Hubo, tal vez, un par de excepciones. O casi excepciones. Recuerdo una vez que quedé tercero en una carrera de exhibición del club de atletismo al que pertenecía. La cara de profunda ilusión de mi madre cuando se lo conté me dejó totalmente desubicado, “pero mamá, si éramos tres”, le expliqué confuso.
Tardé unos añitos en descubrir el deporte que me llevaría a la gloria, pero al final el oro vino, y lo hizo en forma de un cross de orientación. Ahora me pierdo cada vez que doy un paseo por Madrid, aunque mire Google Maps cuarenta veces, pero en aquellos tiempos era capaz de orientarme mirando a la estrella Polar en pleno día. Así me las gastaba.

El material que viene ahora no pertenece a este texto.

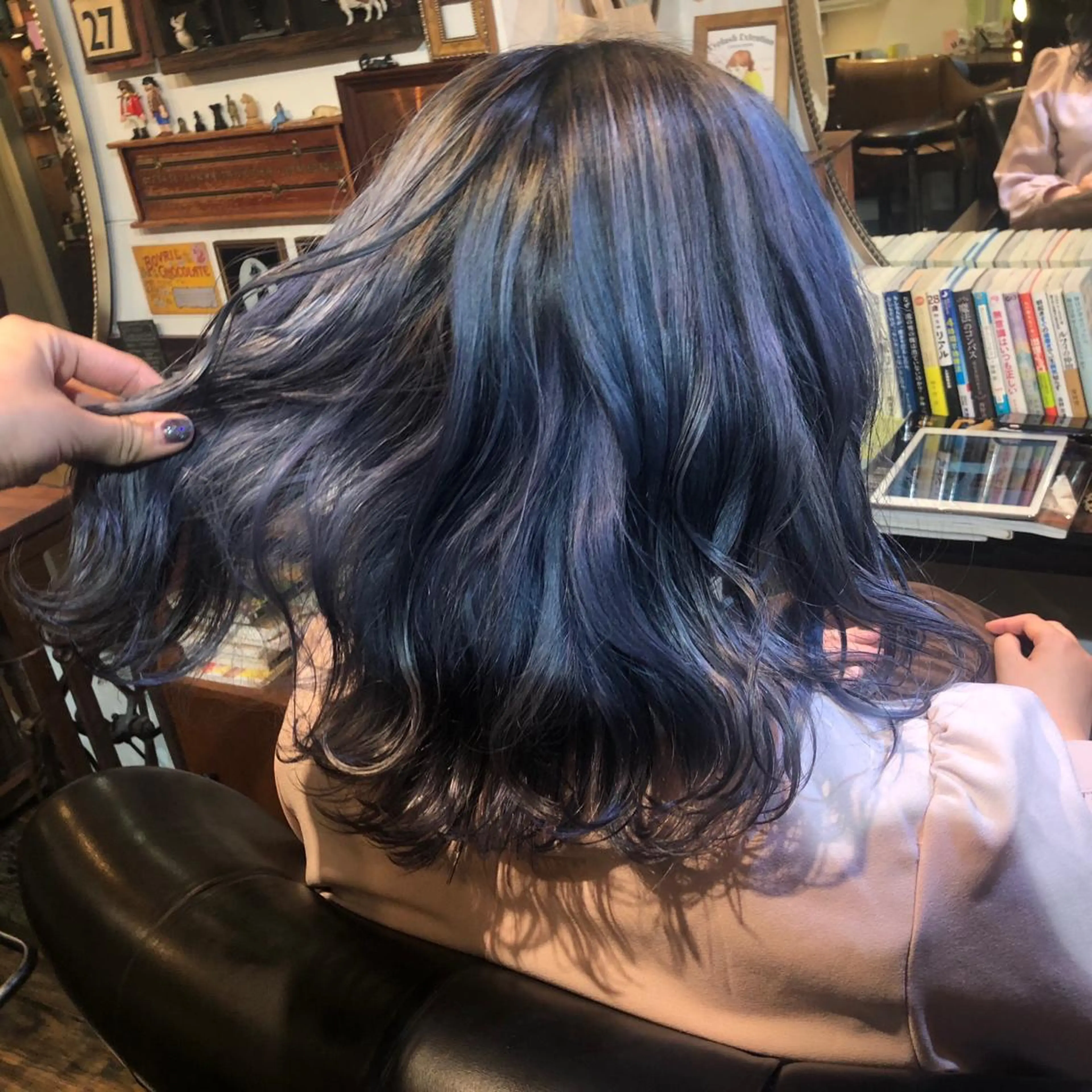 ミディアム カラー ブリーチ ブルーカラー パープルカラー カット ヘアカラー トリートメント ヘッドスパ BRITS 渡辺 菜々子のヘアスタイル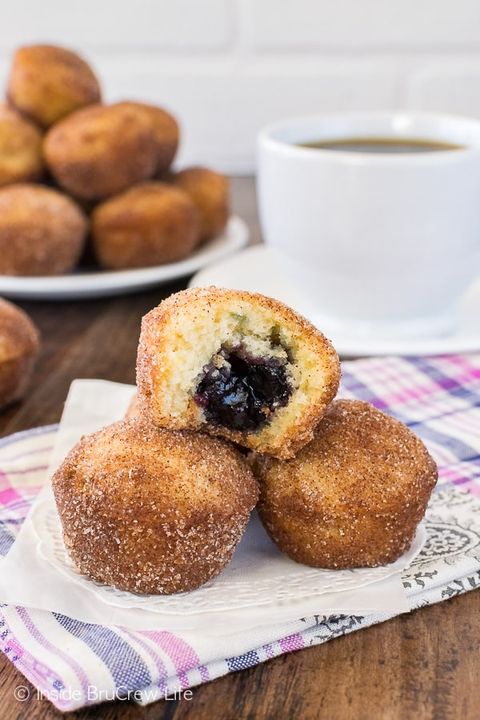 16 Easy Sufganiyot Recipes - How To Make Jelly Donuts for Hanukkah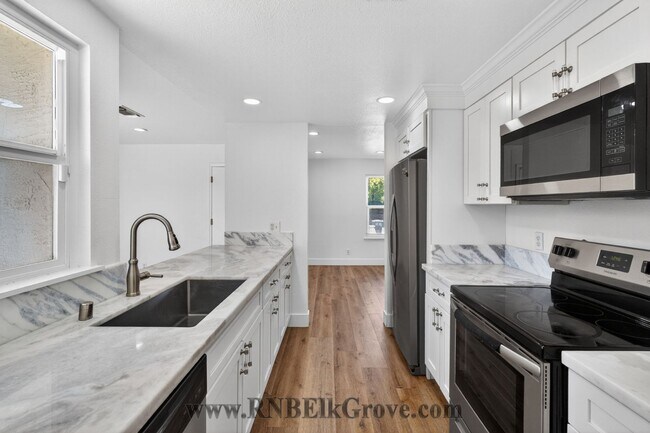 Building Photo - 6844 Sandrock Way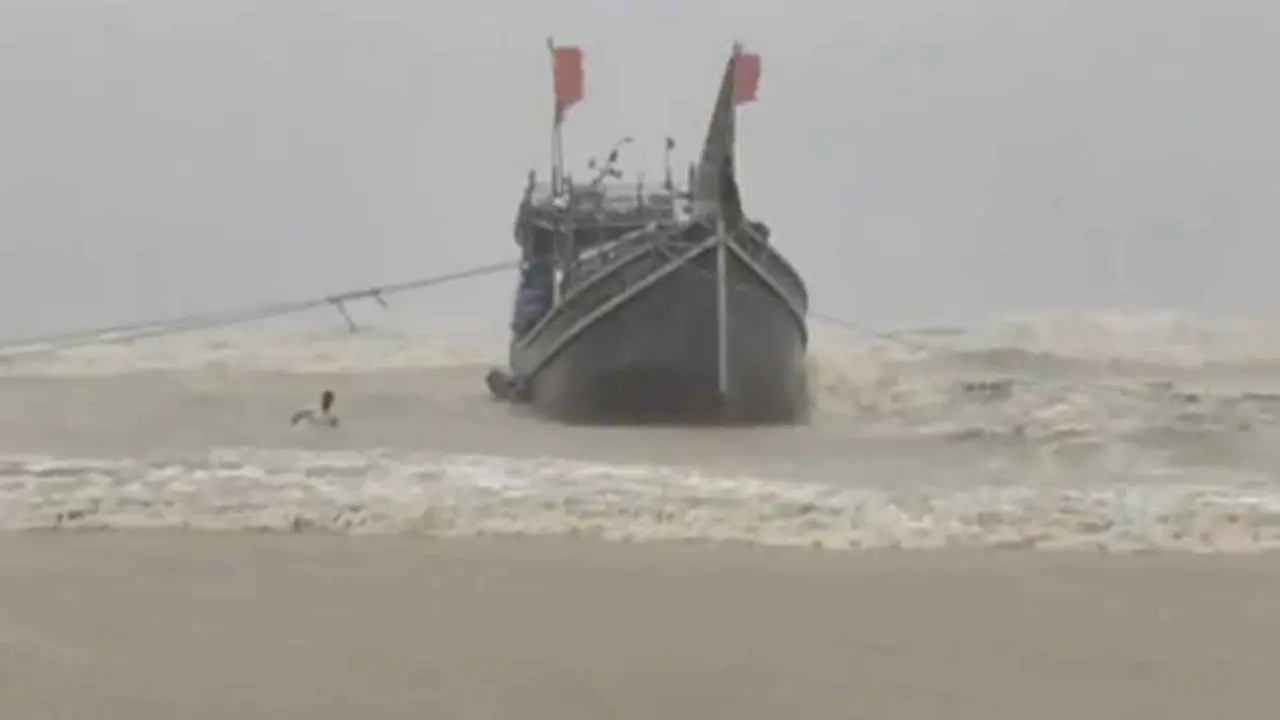 বঙ্গোপসাগরে ট্রলারডুবিতে এক জেলে নিহত, নিখোঁজ ৩  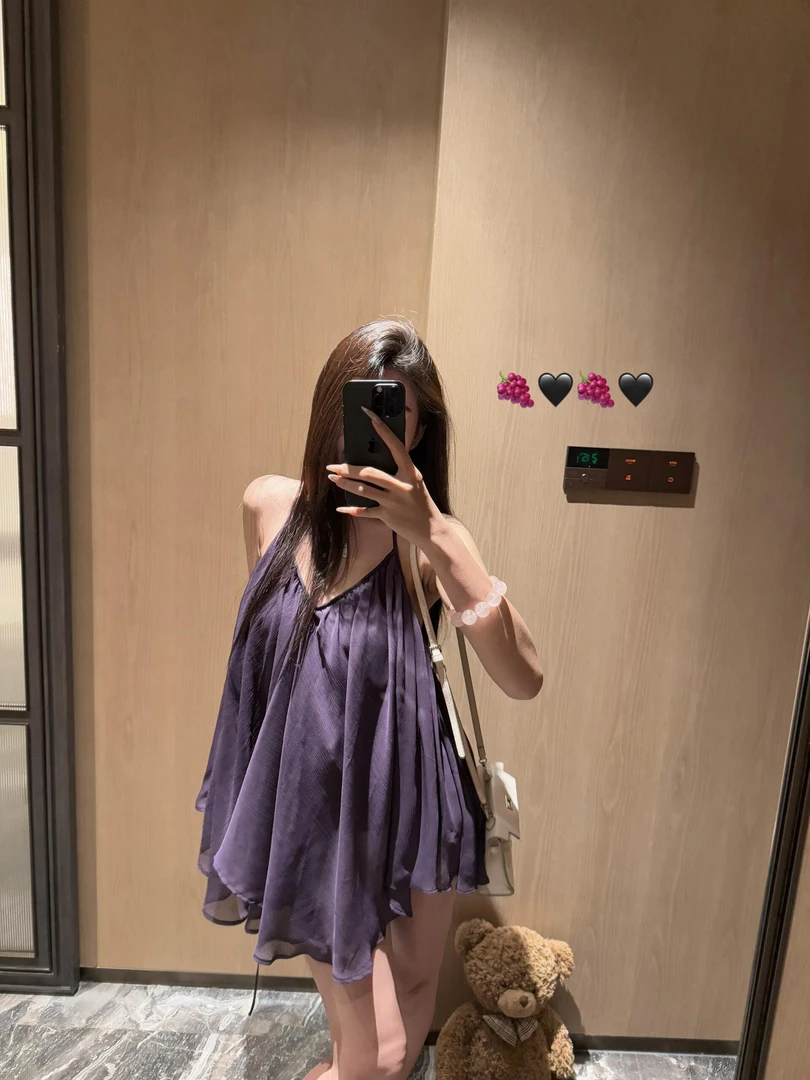 清冷松弛感穿搭法式气质V领吊带背心性感露背不规则雪纺无袖上衣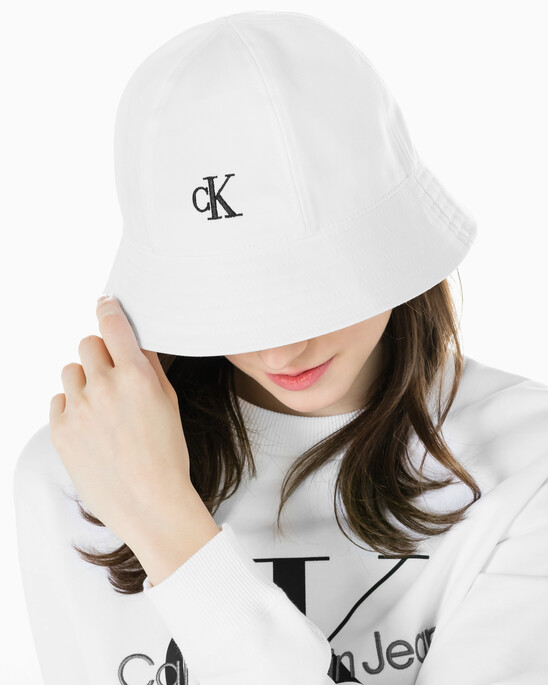 남녀공용 CK 엠브로이더리 로고 버킷햇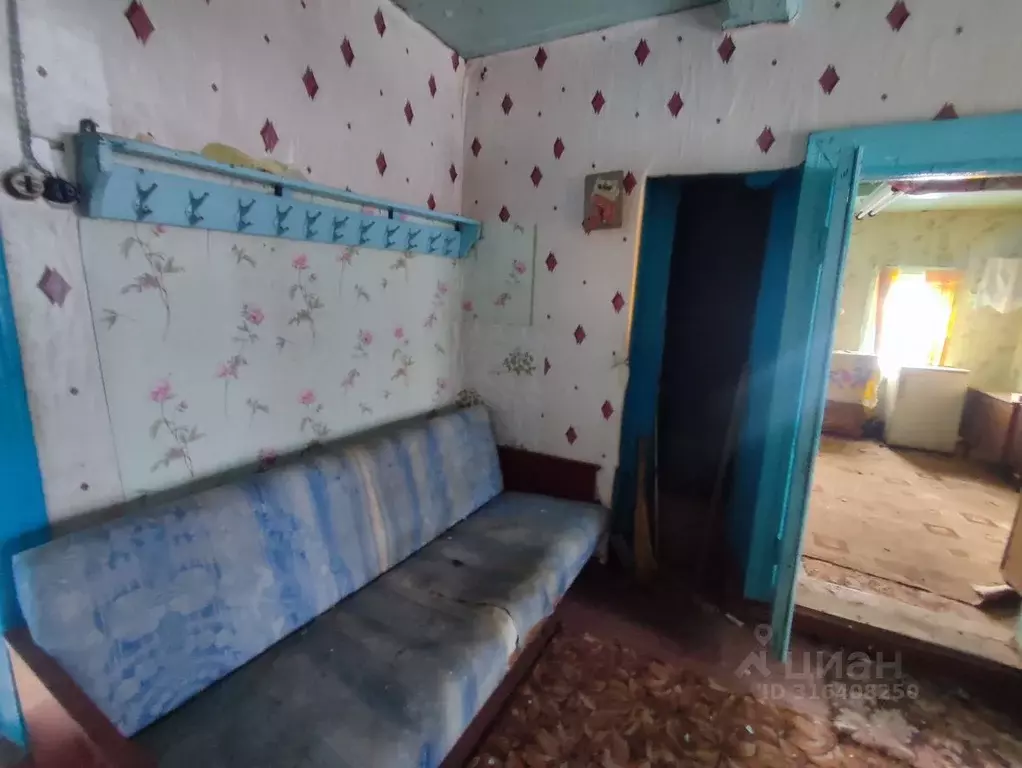 Дом в Ульяновская область, Майнское городское поселение, с. Аксаково ... - Фото 1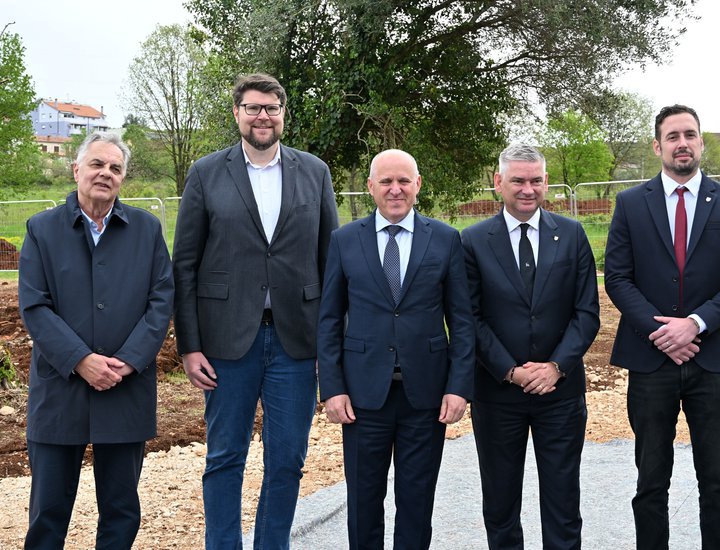 Con la posa della prima pietra a Pola è iniziata la costruzione di 65 appartamenti di edilizia residenziale convenzionata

El reconocimiento lo cambió todo. Una medalla me demostraba que era bueno en algo. Que había sido mejor que otros.
Cambiad la escala.
...No es una medalla de oro de un niño de doce o trece años
Es un Balón de Oro.
O un Globo de Oro.
O una Bota de Oro.
O un Oscar.
O un Nobel.
Es la prensa deportiva asegurando que tu equipo es el mejor de la historia.
Necesitamos premios. Necesitamos algo que nos empuje a mejorar en las cosas que hacemos. Jugar por diversión rara vez invita al esfuerzo. Jugar para ganar es otra cosa. Es todo un reflejo de la vida que llevamos, de esta meritocracia en la que nos vemos enredados.
Y como tal, es algo parcialmente falso. Algo parcial, a secas.
[Si necesitáis una prueba de lo que digo, mirad a Belén Esteban]
No es sólo el esfuerzo [el mérito] lo que nos llevará a lograr un objetivo, sea deportivo, artístico, científico o profesional. Hace falta algo más. Suerte. Contactos. Carisma. Algo más.
Así es como al final nosotros, pequeñitos y ruidosos, nos buscamos entre figuras que aspiren a las medallas que nos están vetadas. Nos agarramos a sus sombras y a sus ecos y nos empeñamos en hacer nuestros sus logros. Porque necesitamos premios, necesitamos ver que alguien que podríamos haber sido nosotros, que nos despierta simpatía o empatía y que hace las cosas suficientemente bien, puede conseguirlos en nuestro lugar. O en nuestro nombre.
Como consecuencia natural, buscamos injusticia en los fracasos y gloria en los logros. Y olvidamos que, muchas veces, el premio y el mérito no caminan juntos. Al premio sólo puede llegar uno, mientras el mérito es, a menudo, de muchos más.
[Nos olvidamos de que los premios, muchas veces no son de oro, sino de palabras escogidas de la gente que escogemos]
Si más dilación, enhorabuena a los premiados. Enhorabuena a los que también podríamos haberlo sido.